Amy Fisher Quinn is a lawyer and writer who lives in Lake Placid, NY. She delights in connecting people to what they need: equity and empathy, good food and good books, fresh perspectives and fresh air. She is happier still when she is writing about those things. Her creative projects include the co-production/direction of a stage show comprised of original monologues aimed at de-stigmatizing mental illness through storytelling for the “This Is My Brave” organization. Amy is passionate about using privilege to lift others in order to break cycles of trauma and dysfunction in individuals and communities. She is a graduate of the College of the Holy Cross and the Western New England School of Law but she hasn’t stopped learning since, finding that when she truly keeps her eyes open, the greatest lessons appear in the most unlikely places, packages and circumstances.
Poetry
Erin Adair-Hodges is the winner of the 2016 Agnes Lynch Starrett Poetry Prize for Let’s All Die Happy and the forthcoming Every Form of Ruin (Pitt Poetry Series, 2023). Her poetry has been awarded the Loraine Williams Poetry Prize from The Georgia Review and the Allen Tate Prize from The Sewanee Review; she has also been the Bread Loaf-Rona Jaffe Scholar, Sewanee Writers Conference-Claudia Emerson Scholar, and Vermont Studio Center’s James Merrill Fellow.
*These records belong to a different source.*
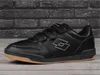 scarpe Lotto 2400530U1119 Anteprima dell’immagine prodotto 4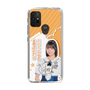 スリムプロテクションケース［ STU48 - 原田清花 ］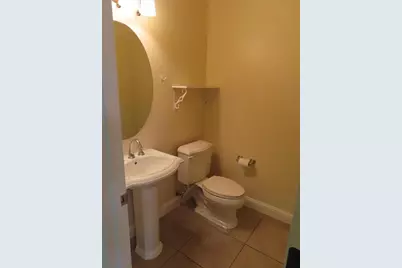 176 N Sierra Madre St, Tracy, CA 95391 - Photo 14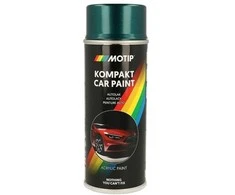Motip Pašarų Autoacryl purškiklis 53678 - 400ml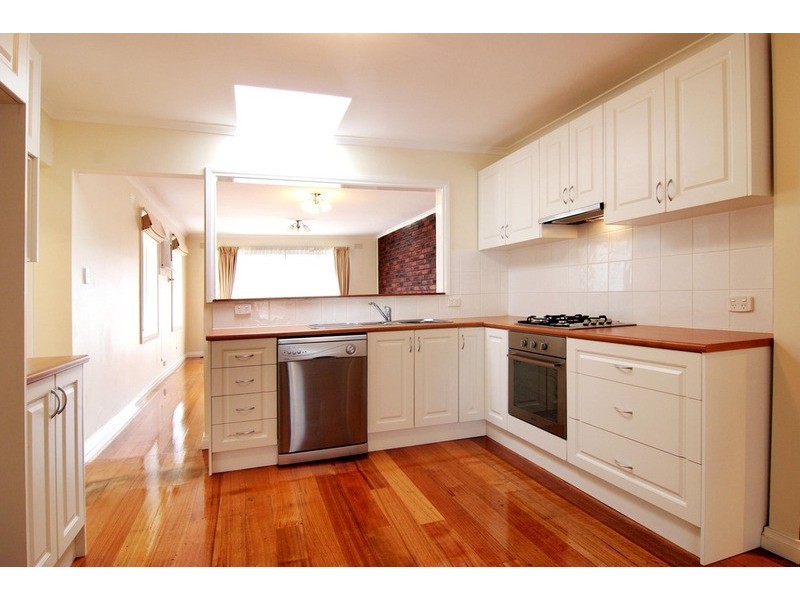 1/17 Wimbeldon Court, Mooroolbark VIC 3138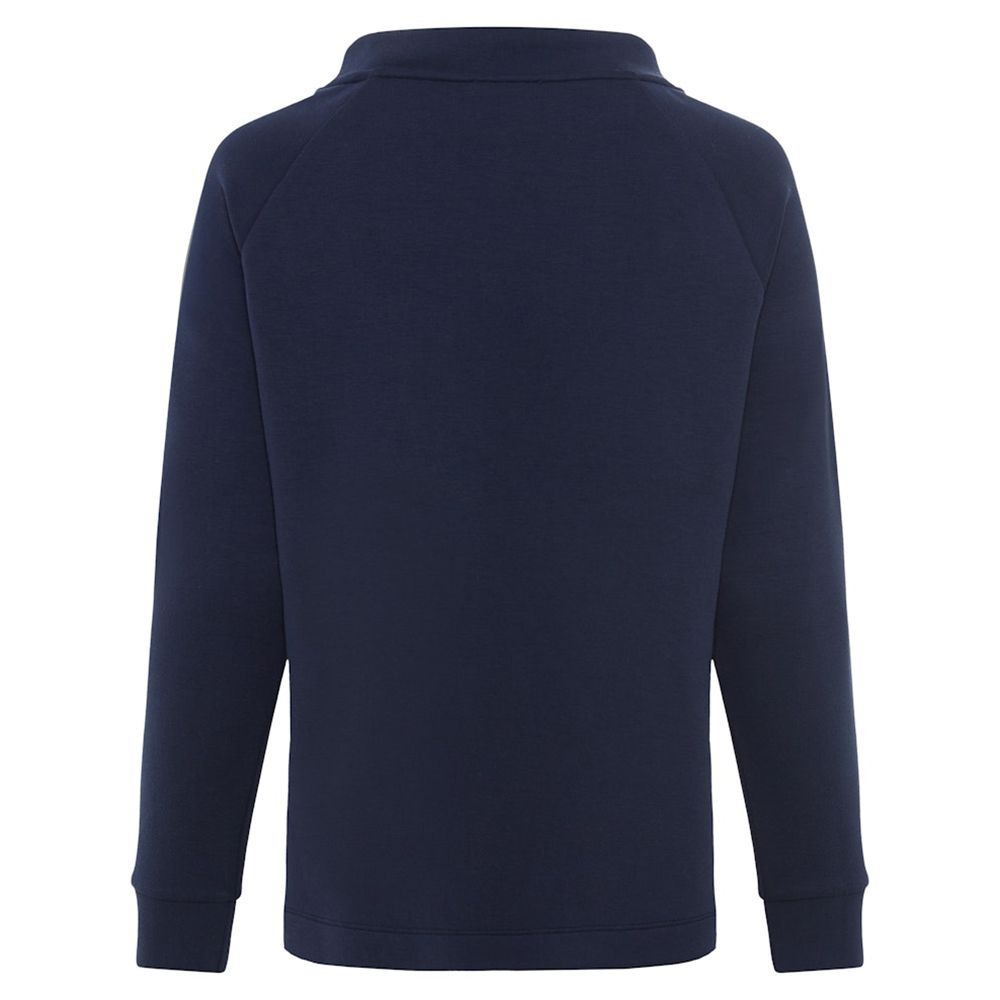 Женский свитшот Olsen | Фото 2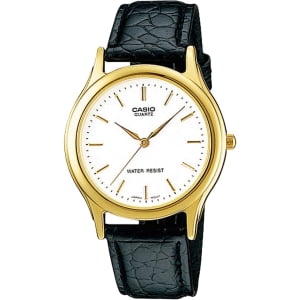 Casio Collection MTP-1093Q-7A - фото 1
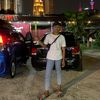 muhd.syah35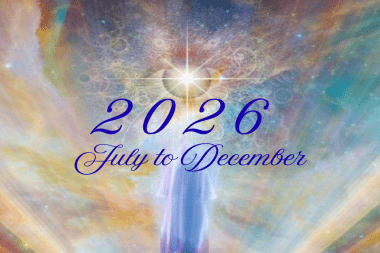 2026 Mentorship July to December 2026 Andrej Djordjevitch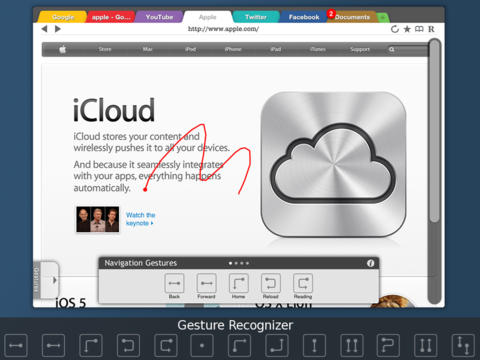 https://static.download-vn.com/cloudsurfer-free-web-browser.jpeg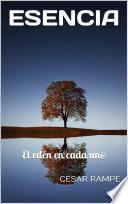 Esencia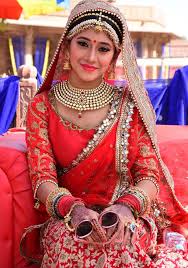 Image result for shivangi joshi images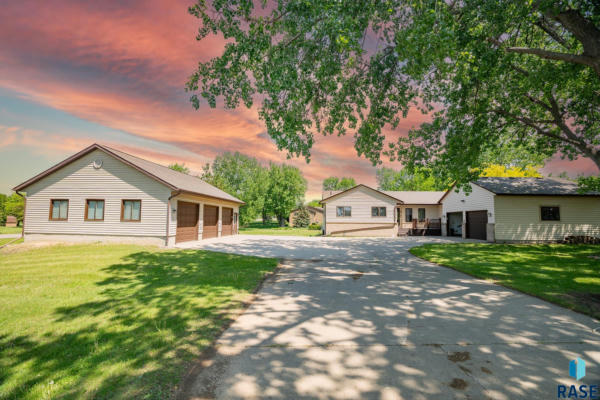 26798 COUNTRY ACRES DR, SIOUX FALLS, SD 57106 - Image 1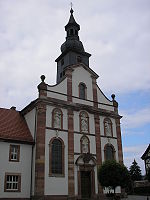 Klosterkirche Dermbach.JPG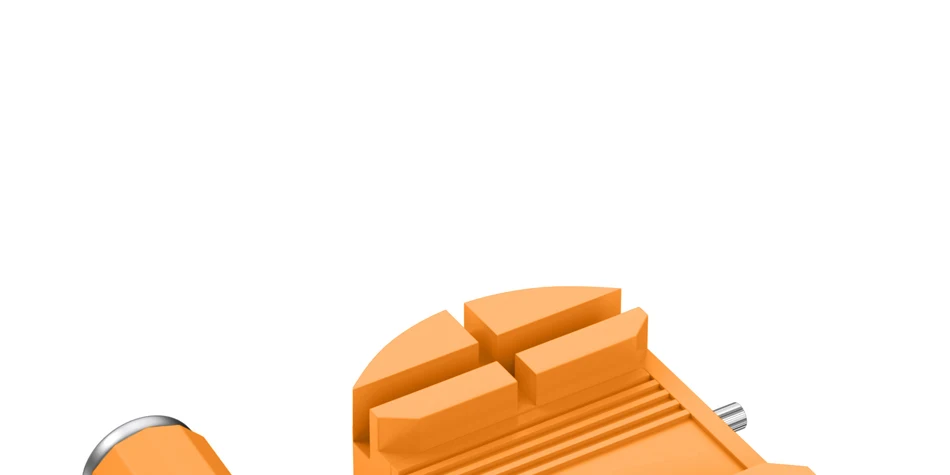 8511921577_480697254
Recent work has appeared in American Poetry Review, Ploughshares, AGNI, Gulf Coast, and more. Born and raised in New Mexico, she is currently an assistant professor of creative writing at the University of Central Missouri, where she co-edits the literary journal Pleiades.
Alice Turski was awarded a full-tuition merit scholarship and the McKelvey Research Award at Washington University in St. Louis where she completed her B.A. in Biology. She studied biology and medicine at NYU’s MD/PhD program before going on leave to obtain her MFA in Poetry from Cornell University. She been a lecturer in Ithaca, New York at Cornell, teaching creative writing and English literature. Her scientific writing has been published in journals like PNAS and Genes Development. Her poems have appeared or are forthcoming in The Iowa Review, Verse Daily, The Greensboro Review, Iron Horse Literary Review, PRISM, Zone 3, Copper Nickel, NELLE, The Salt Hill Journal, The Ilanot Review, and more. A Chinese American emerging poet, her writing circles examinations of displacement, ecological crisis, immigrant families, and myth-making.